Riforma sanità. Opposizione chiede avvio del confronto in Consiglio in tempi brevi

Riforma sanità. Opposizione chiede avvio del confronto in Consiglio in tempi brevi
Il consigliere del M5S, Marco Fumagalli, accusa il neo assessore Letizia Moratti di fare “audizioni improprie e private con saggi tutti suoi” e dice “basta con le riforme calate dall’alto. Se la maggioranza non è pronta, il dibattito in Consilio deve cominciare dai nostri progetti”. Per il consigliere Dem Samuele Astuti la sensazione è che la maggioranza “non sappia come correggere un modello che ha voluto e difeso per anni, prima di accorgersi che non funzionava”.

Si fa sempre più urgente, in Lombardia, discutere della riforma della legge sanitaria Maroni, la legge 23/2015. L’opposizione attacca la maggioranza, accusandola di essere impreparata, e sollecita l’avvio in tempi stretti della discussione in Consiglio. “Il tempo stringe, la riforma di Maroni e del centrodestra è fallita e i lombardi meritano una sanità in linea con la legge nazionale e con le sollecitazioni di Agenas.
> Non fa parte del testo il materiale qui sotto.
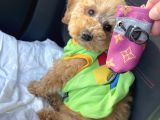 Güzeller Güzeli Toy Poodle Yavrum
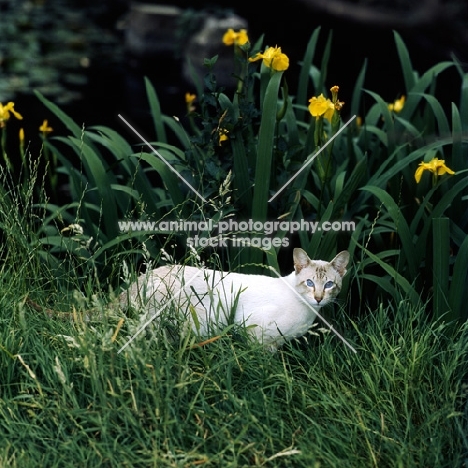 ch reoky jnala, tabby point siamese cat in a garden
Chiediamo che cominci un confronto politico serio in Consiglio regionale”, afferma in una nota Marco Fumagalli, consigliere regionale del M5S Lombardia, che accusa il neo assessore al Welfare, Letizia Moratti, “catapultata qui all’ultimo minuto”, di stare facendo “audizioni improprie e private con saggi tutti suoi. È ora di finirla con le riforme calate dall’alto. Non è questo il percorso: la riforma deve essere scritta in Consiglio regionale con la calendarizzazione di audizioni in Commissione e tempistiche certe”.

Per Fumagalli, “se la maggioranza non è pronta, il dibattito deve cominciare per forza dai progetti già presentati da noi: la proposta M5S è pronta per il voto e perfettamente in linea con la legge nazionale e le sollecitazioni del ministero. Noi abbiamo lavorato per tempo: la riforma Maroni va riscritta da cima a fondo e in tempi brevi nell'interesse di tutti i lombardi”.

A sollecitare la maggioranza è anche il PD: “A un mese dall’invio della nota di Agenas, che boccia senza appello la sanità lombarda, Lega e alleati non hanno ancora un’idea chiara né un percorso condiviso per modificare la riforma del 2015. Quella legge era una sperimentazione e lo si sapeva da cinque anni, i problemi che hanno reso più grave la pandemia in Lombardia sono sotto gli occhi di tutti da ormai dieci mesi, come mai non c’è ancora una proposta di maggioranza?”, domanda il capo delegazione Pd in commissione sanità Samuele Astuti.

“La riforma – aggiunge Astuti – va fatta entro quattro mesi e uno è trascorso invano, non stiamo iniziando nel migliore dei modi, ancora una volta per responsabilità di una maggioranza che non sa come correggere un modello che ha voluto e difeso per anni, prima di accorgersi che non funzionava”.